**What the task asks**:
Look through the material below. Return exactly the lines from the one with "Moradia T3 para" through the one with "Inn at Huntingfield Creek", both included.

**Records for processing**:
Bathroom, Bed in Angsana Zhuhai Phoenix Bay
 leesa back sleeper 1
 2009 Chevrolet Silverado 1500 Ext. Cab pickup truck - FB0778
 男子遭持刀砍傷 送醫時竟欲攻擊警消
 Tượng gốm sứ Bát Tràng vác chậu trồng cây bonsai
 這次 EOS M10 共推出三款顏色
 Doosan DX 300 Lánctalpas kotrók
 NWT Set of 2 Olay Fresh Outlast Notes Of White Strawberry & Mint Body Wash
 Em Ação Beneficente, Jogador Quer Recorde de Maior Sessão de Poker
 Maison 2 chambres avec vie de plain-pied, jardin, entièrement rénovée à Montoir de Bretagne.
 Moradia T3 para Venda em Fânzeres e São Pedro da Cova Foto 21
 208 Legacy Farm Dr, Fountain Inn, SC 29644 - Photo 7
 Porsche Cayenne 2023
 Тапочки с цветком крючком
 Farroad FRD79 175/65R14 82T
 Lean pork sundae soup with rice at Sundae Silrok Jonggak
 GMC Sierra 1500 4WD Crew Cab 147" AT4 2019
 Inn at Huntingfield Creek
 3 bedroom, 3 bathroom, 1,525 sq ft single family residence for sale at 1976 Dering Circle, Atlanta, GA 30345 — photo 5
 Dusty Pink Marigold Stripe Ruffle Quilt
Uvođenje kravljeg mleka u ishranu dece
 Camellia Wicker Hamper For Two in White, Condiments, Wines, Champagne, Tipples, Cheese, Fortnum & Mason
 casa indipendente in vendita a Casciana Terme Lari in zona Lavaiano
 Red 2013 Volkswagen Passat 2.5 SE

**Result below**:
 Moradia T3 para Venda em Fânzeres e São Pedro da Cova Foto 21
 208 Legacy Farm Dr, Fountain Inn, SC 29644 - Photo 7
 Porsche Cayenne 2023
 Тапочки с цветком крючком
 Farroad FRD79 175/65R14 82T
 Lean pork sundae soup with rice at Sundae Silrok Jonggak
 GMC Sierra 1500 4WD Crew Cab 147" AT4 2019
 Inn at Huntingfield Creek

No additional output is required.